Now that we know what the internet is, we can look under the hood to see how it works.

At its most basic, the Internet is an interconnected network of networks. In other words, millions of computing devices speak to each other and share information.

Now, a virtual Linux server running in an Amazon Web Services (AWS) data centre is quite different to the Ring video door camera that you may have installed in your front door, but they still speak to each other. How?

Protocols (TCP/IP, HTTP)

Protocols are standardized sets of rules for data that allow devices to communicate with each other. TCP/IP (Transmission Control Protocol / Internet Protocol) is the protocol suite that outlines how devices should communicate on the Internet. In the case of our example, that would be the server and the door camera.
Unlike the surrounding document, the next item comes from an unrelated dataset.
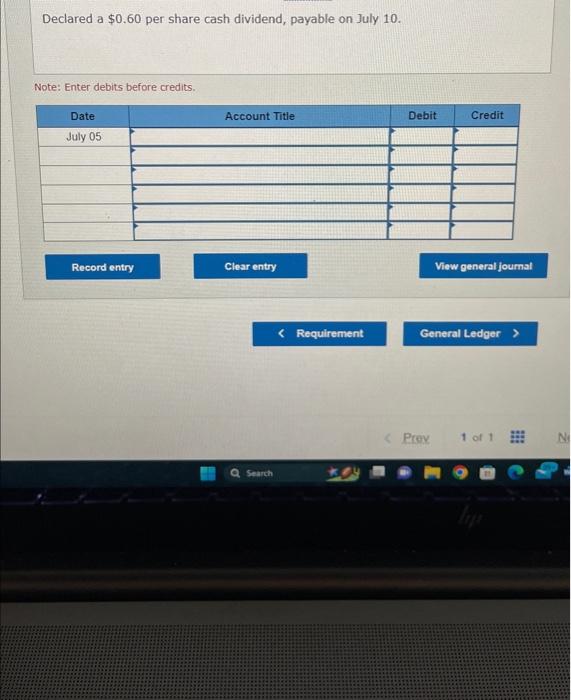 restrict retained earnings is not required. Note: Enter debits before credits. Declared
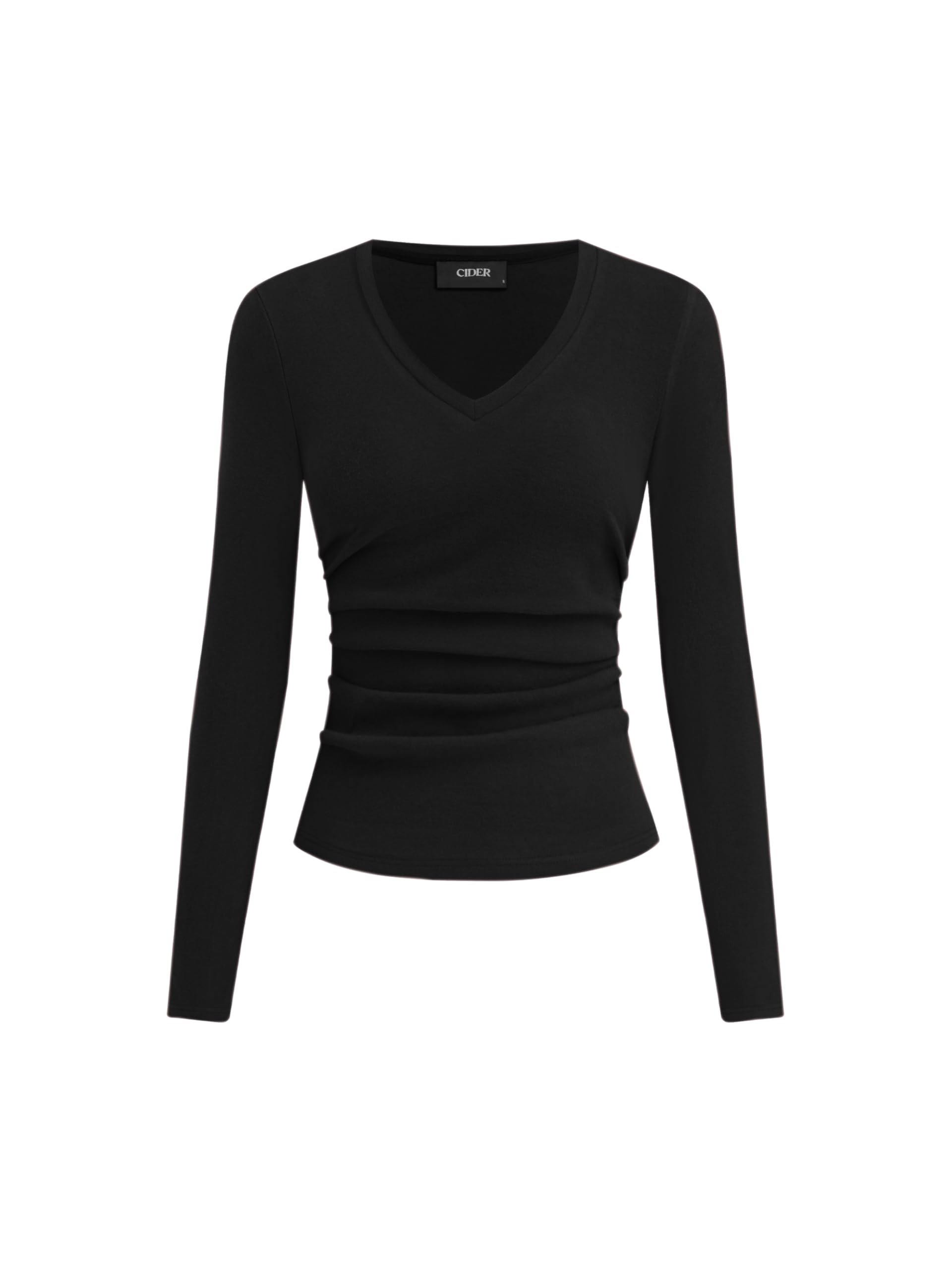 CIDER Damen-T-Shirt, V-Ausschnitt, langärmelig, enganliegend, zum Ausgehen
Another very important protocol is HTTP, or HyperText Transfer Protocol, which outlines the rules for the web, defining how to load web pages containing hypertext links.

IP Address

We have millions of devices connected, forming networks of networks, and they speak to each other using protocols like TCP/IP. But how can we find an individual device within this virtual haystack?

With an Internet Protocol Address, or IP address. Every device on the internet has a unique IP address, that looks something like 192.158.1.38.

Web addresses

When we open our web browser and type in google.com, our computer makes a request for information to a server located somewhere in the world.

Each device on the public-facing internet (including servers) has a unique IP address, but it would be impossible to remember the IP addresses of all of the different servers we want to access as we browse the web.

Domain Name System (DNS)

Thankfully we have the Domain Name System, or DNS, that maps human-friendly names (domain names) to IP addresses. Rather than typing 93.184.216.34 into our browser,, we can type example.com, and the DNS server will automatically direct us to the correct IP address.

URL

This brings us to the Uniform Resource Locator (URL), also known as a web address. A URL is simply the address for a resource on the web, like https://www.nytimes.com/.

Let’s break down the elements of a URL using an example from a fictitious blog.

https://example-company.com/post/my-great-post?utm_source=twitter&utm_medium=tweet

  • _https _– The “Scheme” tells the browser which protocol it should use to request the resource, in this case the secure version of HTTP as we are requesting a web page
  • example-company.com – The “Authority”, which is usually the domain name for the web server but could also be an IP address. It contains a top-level domain (TLD) like .com _or _.org.uk and a second-level domain (SLD), usually the business or brand name (in this case example-company)
  • _/post/my-great-post _– the “Path”, or address for the specific file we are requesting on the web server
  • ?utm_source=twitter&utm_medium=tweet – “Parameters” are optional pieces of additional information we can send to the web server. In this case, we are telling the server where the link originated from (it was a tweet shared on Twitter) to help with marketing attribution (tracking where users are coming from when they visit a site)

If our URL only has a domain name, like google.com, then we are asking to be taken to the “entrance” or homepage of the server that is located at that IP address. If our URL also contains a path, like mywebsite.com/blog, then we are asking the web server for a specific resource, in this case, the web page that lists blog posts.

Many websites will also use subdomains (eg: https://subdomain.example.com) to help separate and organise the site.

Request and response

What else happens when we open our browser, enter google.com, or click a link?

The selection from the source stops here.